At the 2000 census, there were 384 people, 155 households and 110 families residing in the city. The population density was 599.6 PD/sqmi. There were 165 housing units at an average density of 257.7 /sqmi. The racial makeup of the city was 99.48% White, 0.26% Asian, and 0.26% from two or more races. 0.26% of the population were Hispanic or Latino of any race.

There were 155 households, of which 32.3% had children under the age of 18 living with them, 54.2% were married couples living together, 13.5% had a female householder with no husband present, and 28.4% were non-families. 25.2% of all households were made up of individuals, and 12.3% had someone living alone who was 65 years of age or older. The average household size was 2.48 and the average family size was 3.01.

Age distribution was 28.4% under the age of 18, 9.9% from 18 to 24, 26.3% from 25 to 44, 21.6% from 45 to 64, and 13.8% who were 65 years of age or older. The median age was 35 years. For every 100 females, there were 92.0 males. For every 100 females age 18 and over, there were 87.1 males.

The median household income was $22,778, and the median family income was $28,906. Males had a median income of $27,500 versus $15,750 for females. The per capita income for the city was $13,053. About 11.2% of families and 12.8% of the population were below the poverty line, including 10.5% of those under age 18 and 29.3% of those age 65 or over.

Historical population
| Census | Pop. | Note | %± |
| 1950 | 345 |  | — |
| 1960 | 364 |  | 5.5% |
| 1970 | 410 |  | 12.6% |
| 1980 | 478 |  | 16.6% |
| 1990 | 436 |  | −8.8% |
| 2000 | 384 |  | −11.9% |
| 2010 | 272 |  | −29.2% |
| 2020 | 228 |  | −16.2% |
| 2025 (est.) | 222 | Decrease | −2.6% |
U.S. Decennial Census

==Education==
Public education for elementary and secondary students is provided by the Cross County School District, which leads to graduation from Cross County High School. The district's mascot and athletic emblem is the Thunderbird.
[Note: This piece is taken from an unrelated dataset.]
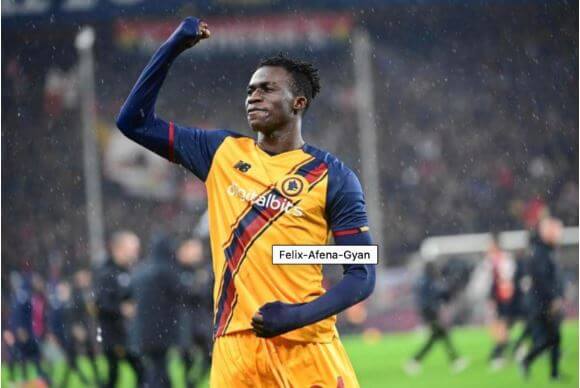 카타르월드컵 가나 공격수사진 6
The Cross County district was established in 1965 by the merger of the Cherry Valley, Hickory Ridge, and Vanndale school districts. As a part of the Cross County district the community previously had its own elementary school, Hickory Ridge Elementary.

==Infrastructure==
===Transportation===
Hickory Ridge is located at the intersection of U.S. Route 49 (US 49) and Highway 42. The Union Pacific Railway closely parallels US 49 through Hickory Ridge.

===Utilities===

Entergy Arkansas is the sole provider of electricity in Hickory Ridge. Telephone communication service is provided by AT&T, cable television is provided by East Arkansas Video. Centerpoint Energy is the natural gas utility in Cross County.

The Arkansas Department of Health (ADH) is responsible for the regulation and oversight of public water systems throughout the state. Hickory Ridge Waterworks is a small water utility that treats and distributes groundwater to under 1000 customers.